La néphropathie diabétique (glomérulopathie due à la micro-angiopathie) est une cause majeure d’insuffisance rénale terminale et un véritable problème de santé publique.
Elle représente manifestation la plus grave de la micro-angiopathie, concerne environ 30 % des diabétiques de type 1 après 35 ans d'évolution et 15 à 20 % des diabétiques de type 2.
La prévalence du diabète chez les patients dialysés a en effet augmenté de façon constante au cours de la dernière décennie : 6,4 % en 1989 ; 13,05 % en 1995 (25,72 % dans les départements d'outre-mer) et 23,6 % en 2003.

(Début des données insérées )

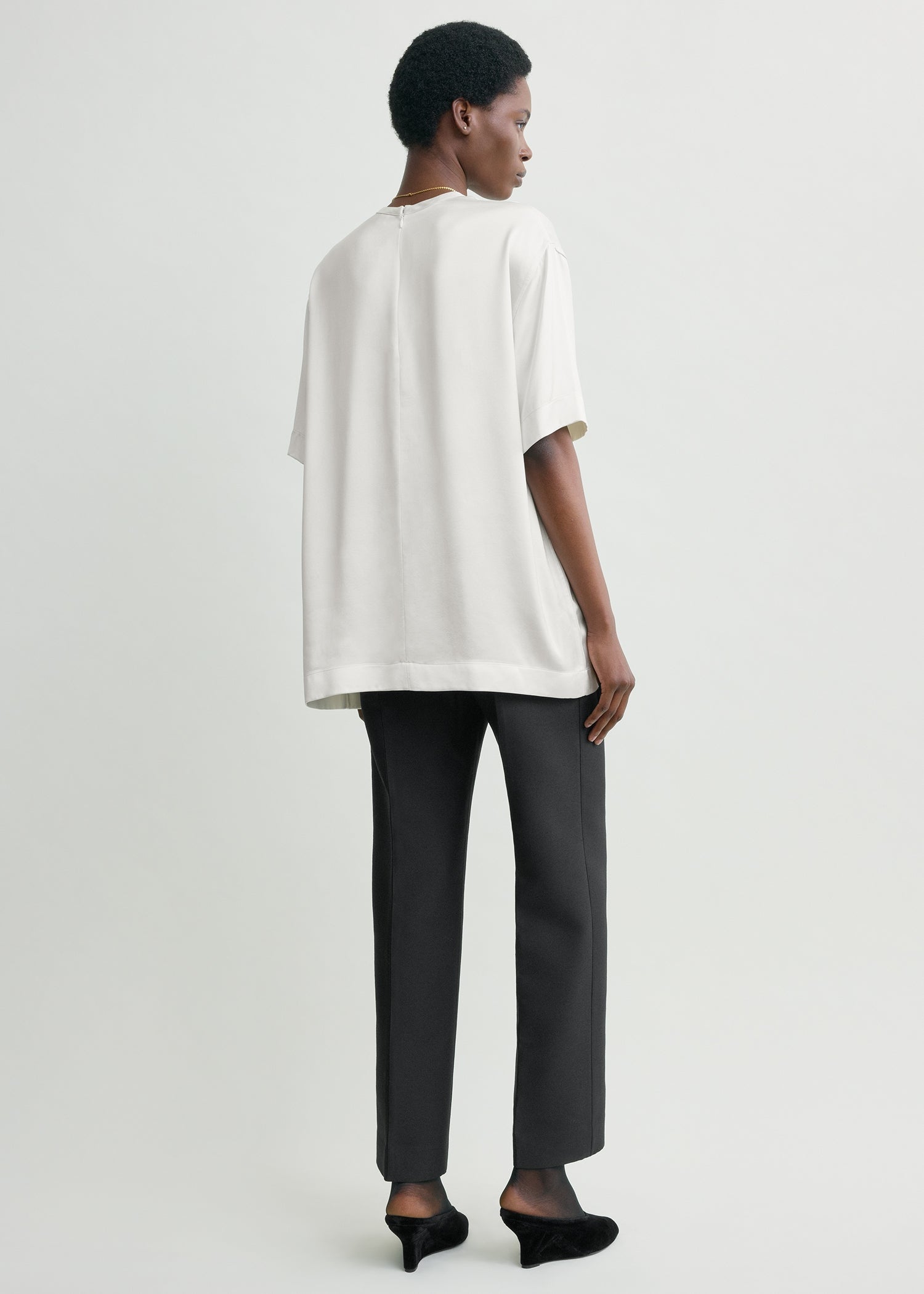 Satin tee white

De plus, dans le diabète de type 2, cette atteinte est souvent aggravée par une néphropathie ischémique sous l’effet d'hypertension artérielle, de dyslipidémie, de surpoids ou de tabagisme.

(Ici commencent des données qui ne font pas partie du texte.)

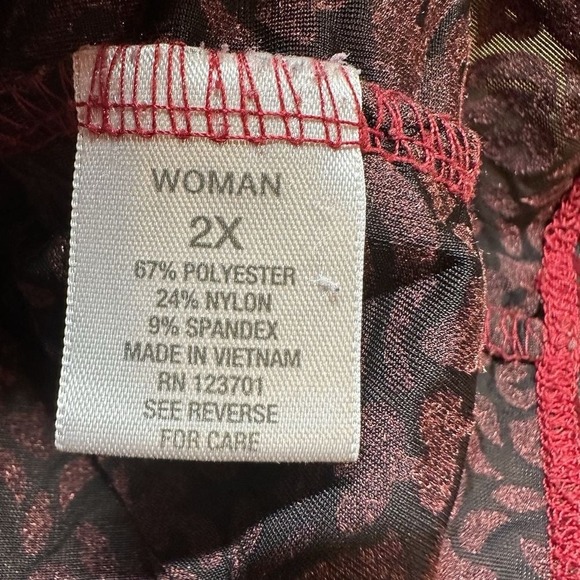 Dressbarn Womens Top 2XL Red‎ Black Floral Blouse Whimsygoth Vamp Fairy Burnout - Picture 3 of 7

Au premier rang des objectifs préventifs et thérapeutiques figurent donc les contrôles tensionnel et glycémique, avec pour ce dernier, la mise en œuvre de mesures hygiénodiététiques et, si besoin, la prescription d’antidiabétiques parmi lesquels l’acarbose occupe une place privilégiée du fait de son efficacité sur la glycémie et l’insulinorésistance, sans risque hypoglycémique, et de son innocuité dans le contexte d’une insuffisance rénale légère à modérée.

La néphropathie diabétique passe par 5 stades décrits par Mogensen dans le diabète de type 1(14).
  • Le premier stade se caractérise par une néphropathie fonctionnelle avec augmentation de la taille des reins, du volume glomérulaire et de la filtration glomérulaire.

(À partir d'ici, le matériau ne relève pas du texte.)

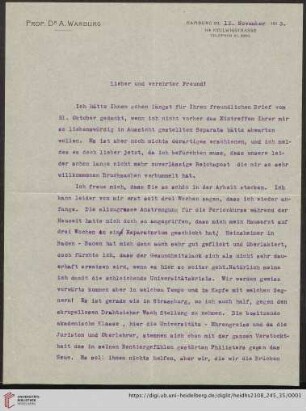 Brief von Aby Moritz Warburg an Franz Boll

  • Au second stade apparaissent des lésions rénales histologiques .

  • Le stade III, tournant évolutif majeur ; correspond à la néphropathie incipiens définie par l’apparition d’une microalbuminurie (excrétion urinaire d’albumine de 30 à 300 mg/24 h ([Lire] ) et d’une élévation de la pression artérielle.
    A ce stade le risque d'évolution vers l'insuffisance rénale existe ainsi qu'un risque cardio-vasculaire accru.
    La présence d'une micro-albuminurie est aussi un facteur prédictif du risque de développer une protéinurie mais n'est pas un facteur prédictif direct validé du risque de développer une insuffisance rénale chronique chez le diabétique de type 2
    Dès le stade de micro-albuminurie, l’utilisation d’une molécule bloquant le système rénine-angiotensine (IEC ou ARA II) est recommandée, en surveillant la créatininémie et la kaliémie, afin de diminuer l’albuminurie et de contrôler la pression artérielle ( Un bon contrôle glycémique (HbA1C <6,5 %)et tensionnel (TA<130/80 mmHg) prévient le risque de survenue d'une néphropathie diabétique (grade B)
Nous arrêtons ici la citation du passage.